> _Directions_: Return verbatim the lines that run from the one holding "spurge macchiato" to the end of the listing, both ends included, without the pictures.

(Given records)

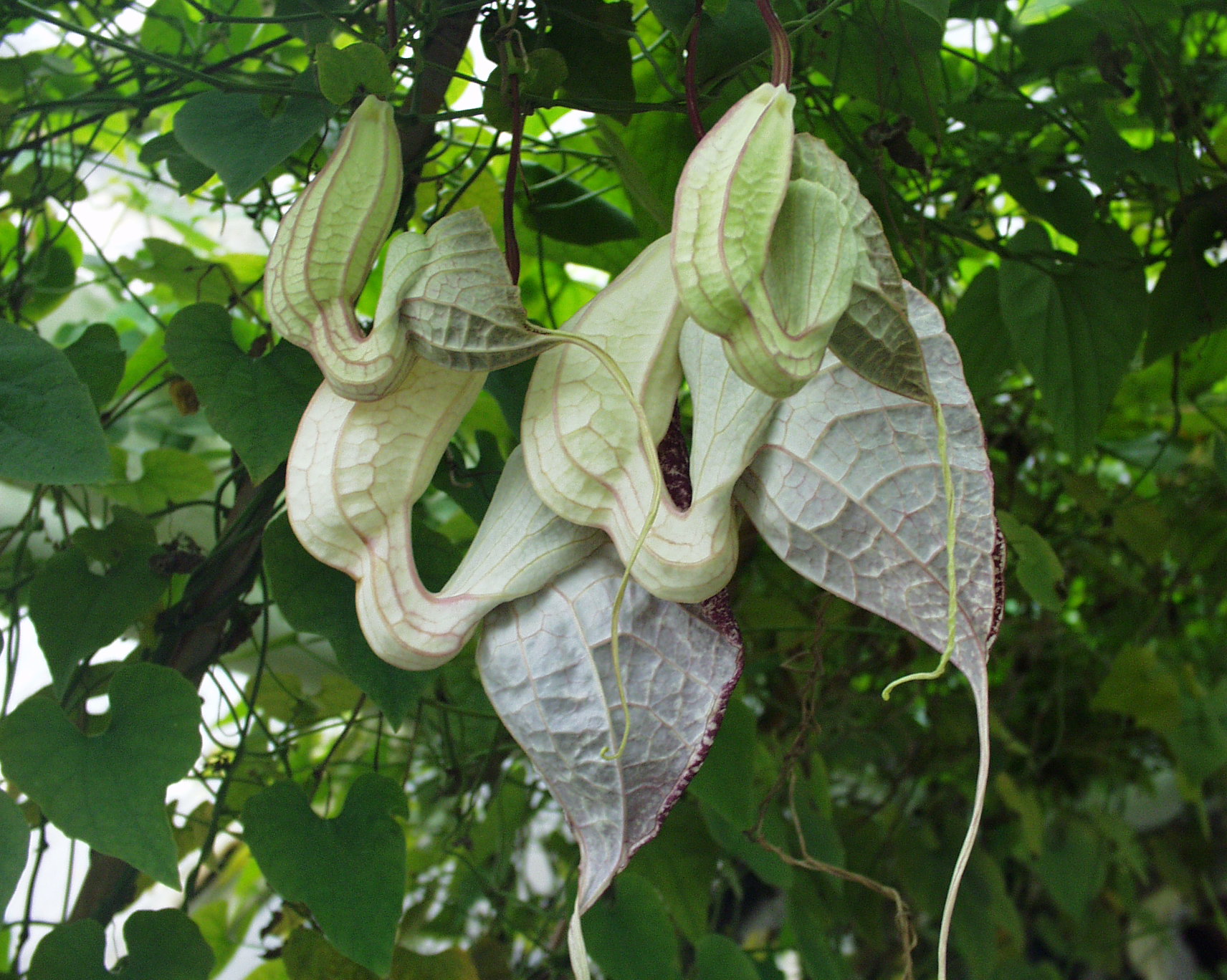 aristolochia_grandiflora_2.jpg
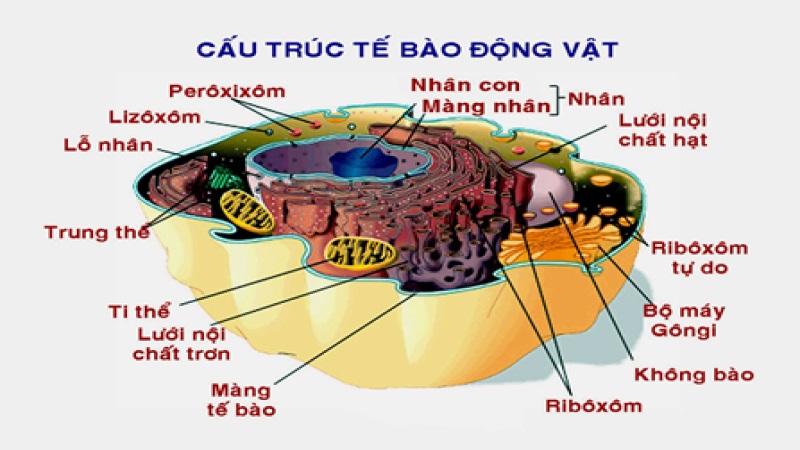 Chức năng của ribosome liên kết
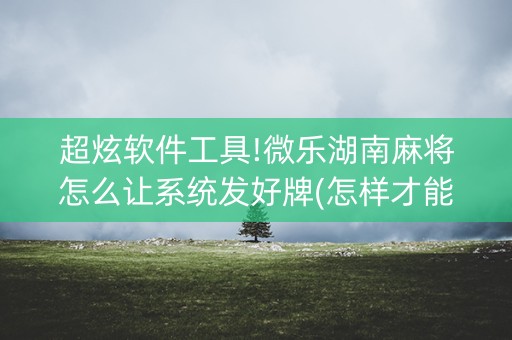 超炫软件工具!微乐湖南麻将怎么让系统发好牌(怎样才能有好牌)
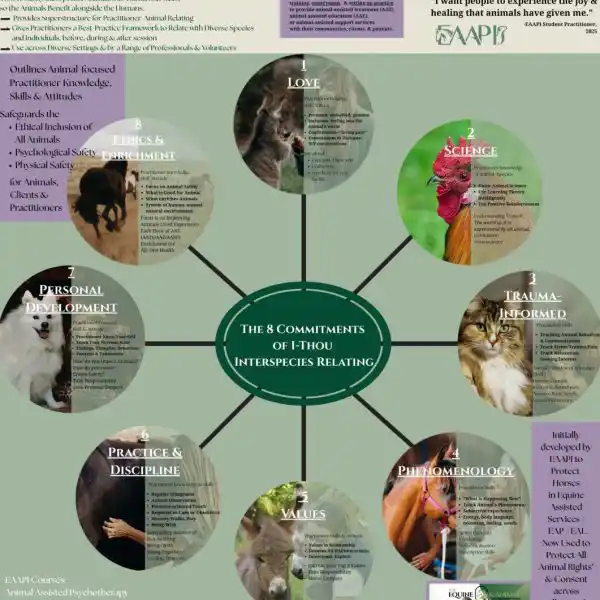 Animals, Love and Science Poster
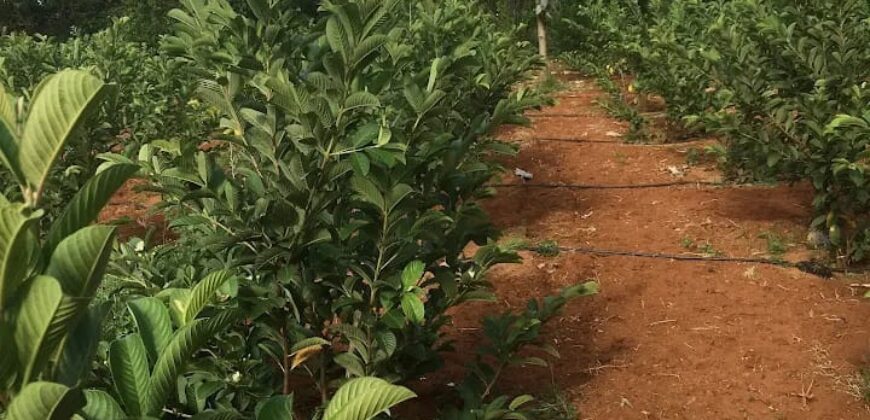 Agriculture Farm land for sale in Theni District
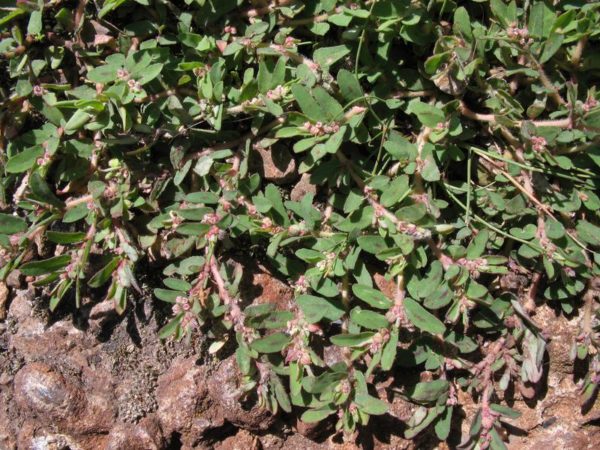  spurge macchiato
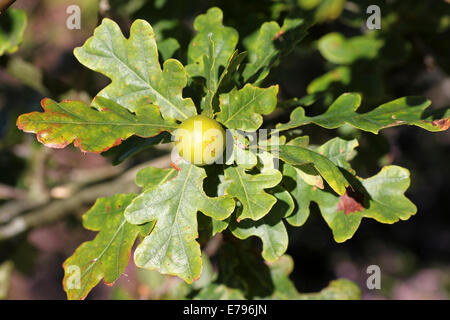 Marble Gall On Penduculate Oak Tree Caused By The Gall Wasp Andricus kollari Stock Photo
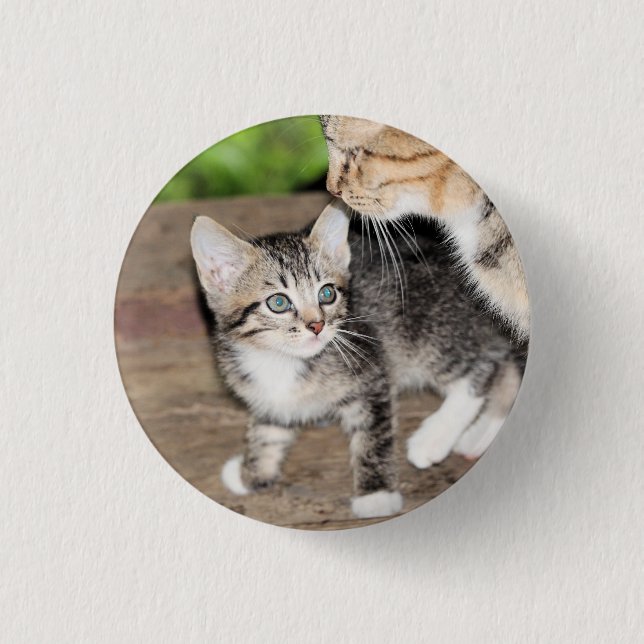 Macaron Rond 2,50 Cm Kitten (Devant)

(End Given records)

> _Exercise answer_:
  spurge macchiato
 Marble Gall On Penduculate Oak Tree Caused By The Gall Wasp Andricus kollari Stock Photo
 Macaron Rond 2,50 Cm Kitten (Devant)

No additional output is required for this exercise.